# GIVEN ENTRIES
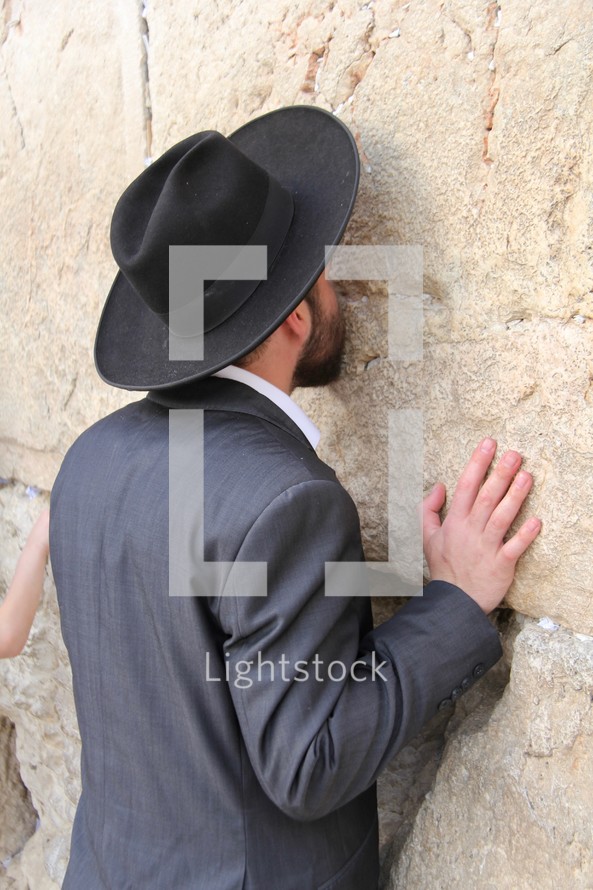 kissing the western wall 
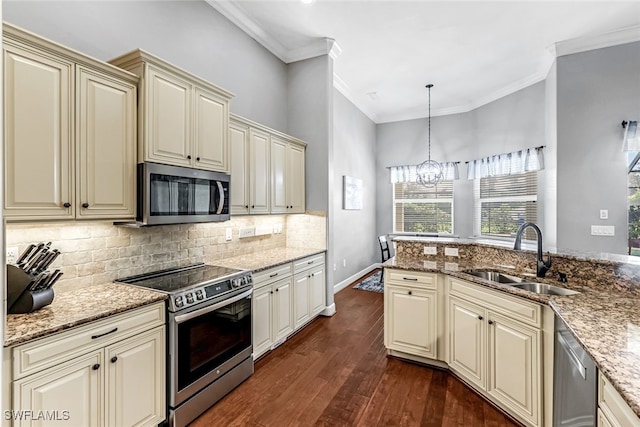 kitchen with a chandelier, sink, cream cabinets, dark hardwood / wood-style floors, and appliances with stainless steel finishes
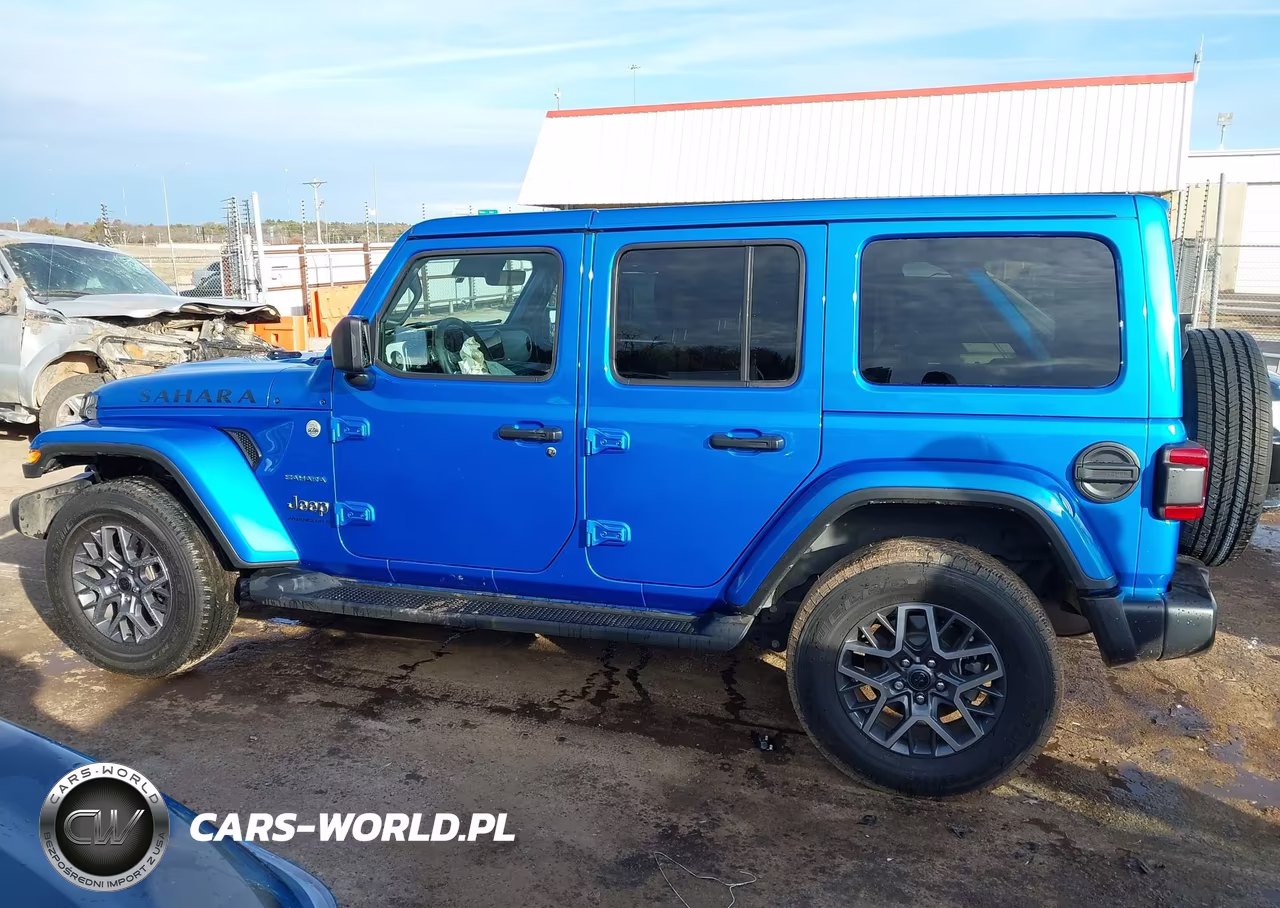 2024 Jeep Wrangler 4-Door Sahara 4X4 VIN:1C4PJXEGXRW264329 - 15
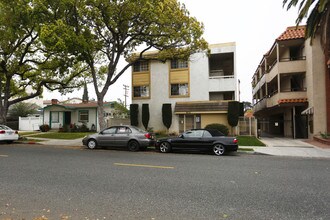 614 W California Ave in Glendale, CA - Foto de edificio - Building Photo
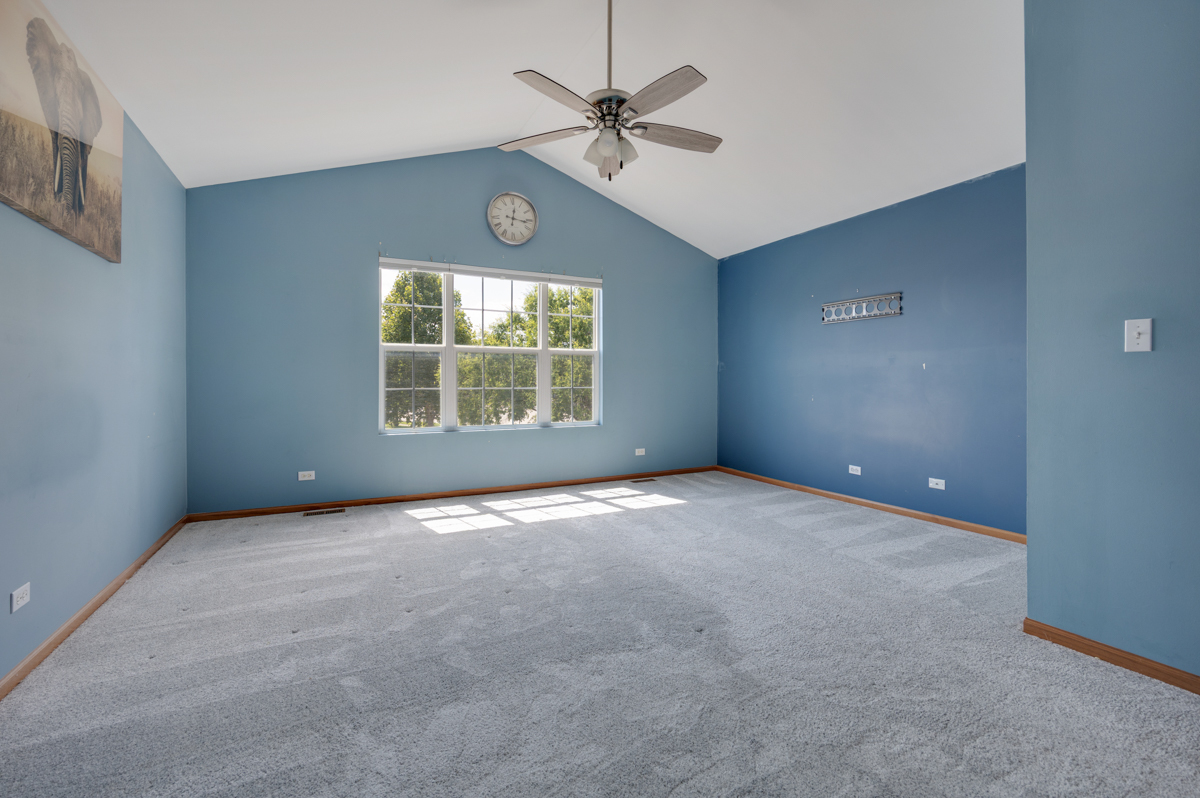 1829 Golden Gate Lane Property Photo 17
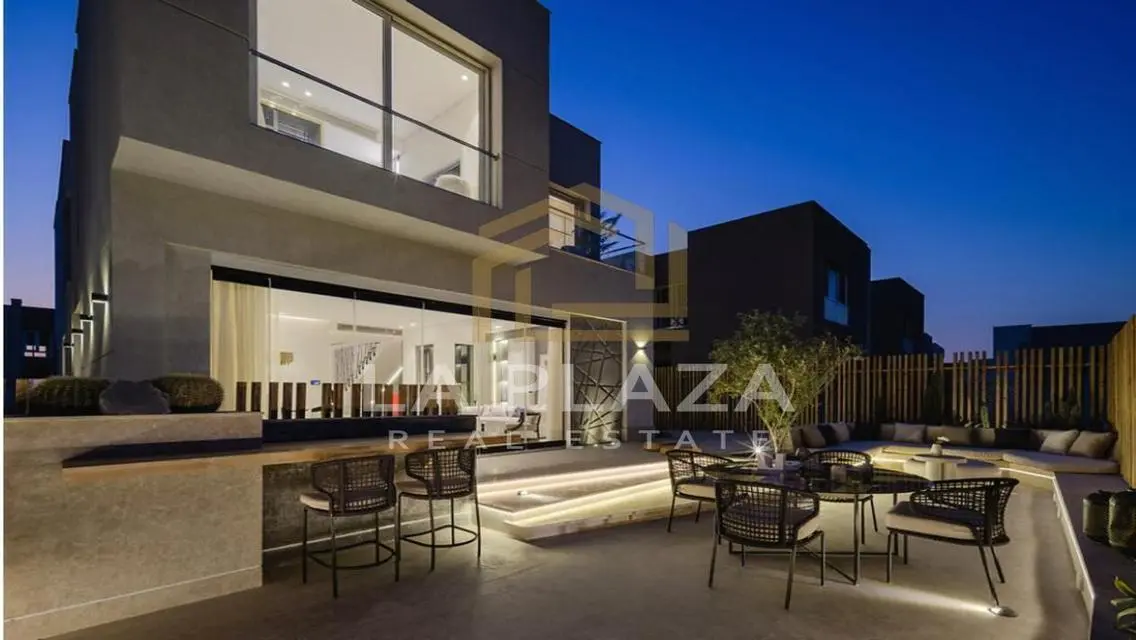 Luxurious Modern Home for Sale at an Attractive Price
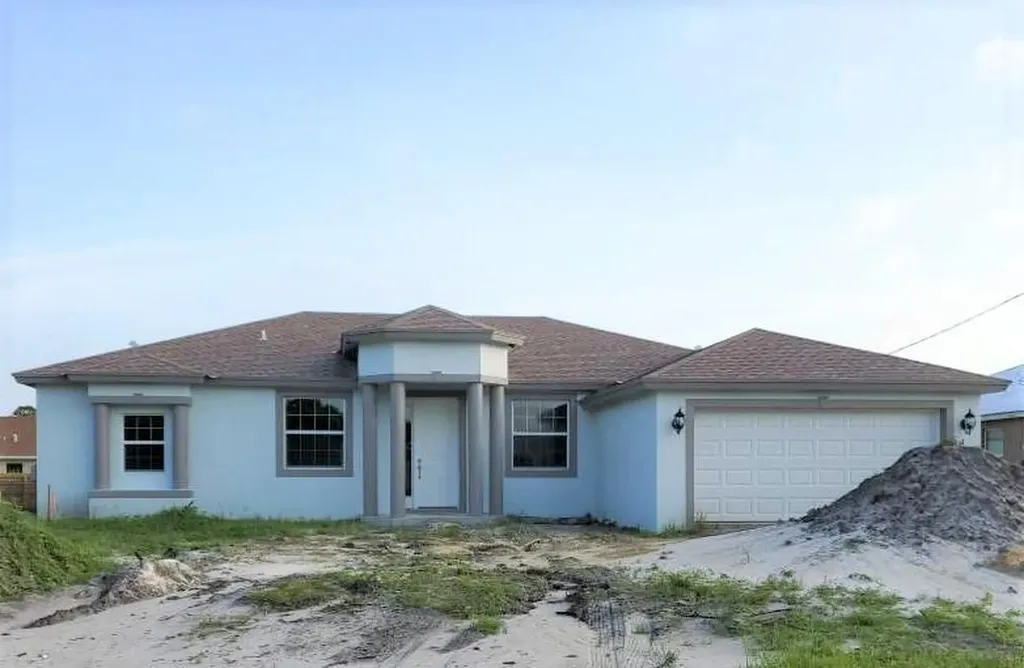 1867 SW Dalmatian Avenue Port St Lucie FL 34953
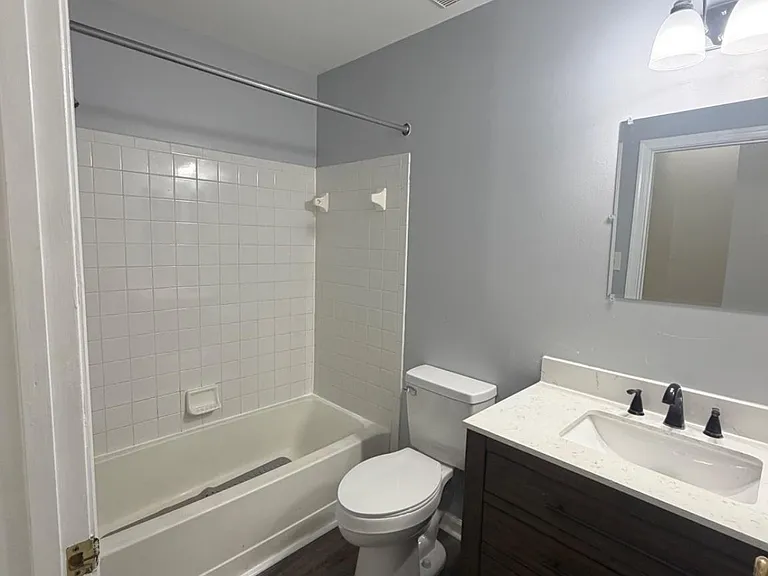 4 Coachlight Dr #4 — Photo 14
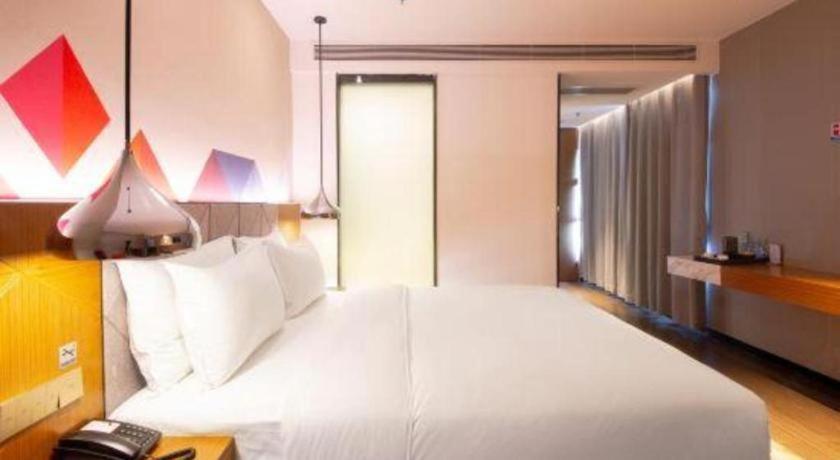 Cama o camas de una habitación en Borrman Hotel Zhanjiang Xuwen Port Terminal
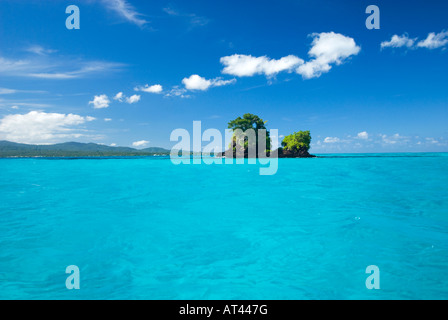 Rêve de l'île Samoa Samoa bleu vert mer eaux sud soleil mer de Southsea vagues sauvages du Pacifique vacances sentiment lagoon reef deep blue Banque D'Images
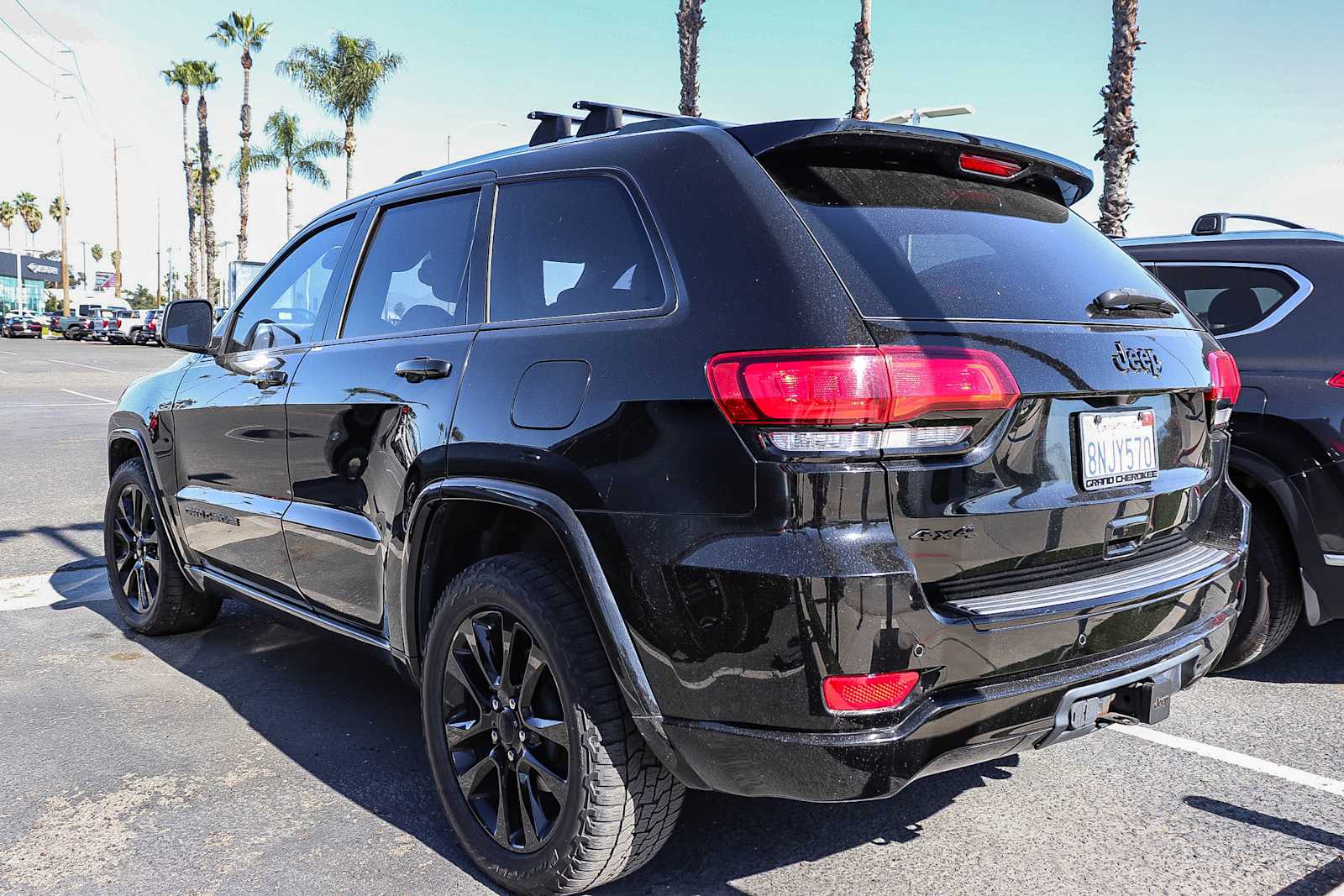 Thumbnail: 2017 Jeep Grand Cherokee - 7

# ACTIVITY
Nothing but the lines from the one containing "4 Coachlight Dr #4 — Photo 14" through the end of the entries is to be retyped, exactly as written and without pictures.

# EXERCISE OUTPUT
 4 Coachlight Dr #4 — Photo 14
 Cama o camas de una habitación en Borrman Hotel Zhanjiang Xuwen Port Terminal
 Rêve de l'île Samoa Samoa bleu vert mer eaux sud soleil mer de Southsea vagues sauvages du Pacifique vacances sentiment lagoon reef deep blue Banque D'Images
 Thumbnail: 2017 Jeep Grand Cherokee - 7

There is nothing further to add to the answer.